• _Stored dataset items_
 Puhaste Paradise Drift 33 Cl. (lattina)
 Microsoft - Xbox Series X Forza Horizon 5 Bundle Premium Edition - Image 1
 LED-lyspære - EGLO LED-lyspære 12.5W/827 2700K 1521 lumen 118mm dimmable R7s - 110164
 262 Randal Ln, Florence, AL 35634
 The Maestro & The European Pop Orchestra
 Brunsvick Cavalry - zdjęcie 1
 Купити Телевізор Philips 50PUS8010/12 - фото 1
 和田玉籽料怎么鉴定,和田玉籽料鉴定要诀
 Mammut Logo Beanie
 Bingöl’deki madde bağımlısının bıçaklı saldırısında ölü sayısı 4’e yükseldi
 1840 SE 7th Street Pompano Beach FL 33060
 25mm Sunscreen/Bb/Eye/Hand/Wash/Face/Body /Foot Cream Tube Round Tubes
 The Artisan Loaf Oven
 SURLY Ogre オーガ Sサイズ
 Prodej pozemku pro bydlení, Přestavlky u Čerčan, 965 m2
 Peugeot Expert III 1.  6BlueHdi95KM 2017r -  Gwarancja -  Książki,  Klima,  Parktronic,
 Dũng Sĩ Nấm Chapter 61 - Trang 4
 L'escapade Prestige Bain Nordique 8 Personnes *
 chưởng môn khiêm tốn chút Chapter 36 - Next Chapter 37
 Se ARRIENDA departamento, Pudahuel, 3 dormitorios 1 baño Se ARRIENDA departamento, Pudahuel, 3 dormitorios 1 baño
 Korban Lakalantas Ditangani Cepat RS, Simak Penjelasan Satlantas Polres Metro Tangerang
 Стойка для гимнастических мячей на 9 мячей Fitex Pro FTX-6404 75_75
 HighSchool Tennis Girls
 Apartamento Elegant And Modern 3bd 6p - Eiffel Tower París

• _Try it_
Copy, please, exactly the lines that start at the first line of the data and end at the line containing "The Artisan Loaf Oven", both kept and no others.

• _Written response_
 Puhaste Paradise Drift 33 Cl. (lattina)
 Microsoft - Xbox Series X Forza Horizon 5 Bundle Premium Edition - Image 1
 LED-lyspære - EGLO LED-lyspære 12.5W/827 2700K 1521 lumen 118mm dimmable R7s - 110164
 262 Randal Ln, Florence, AL 35634
 The Maestro & The European Pop Orchestra
 Brunsvick Cavalry - zdjęcie 1
 Купити Телевізор Philips 50PUS8010/12 - фото 1
 和田玉籽料怎么鉴定,和田玉籽料鉴定要诀
 Mammut Logo Beanie
 Bingöl’deki madde bağımlısının bıçaklı saldırısında ölü sayısı 4’e yükseldi
 1840 SE 7th Street Pompano Beach FL 33060
 25mm Sunscreen/Bb/Eye/Hand/Wash/Face/Body /Foot Cream Tube Round Tubes
 The Artisan Loaf Oven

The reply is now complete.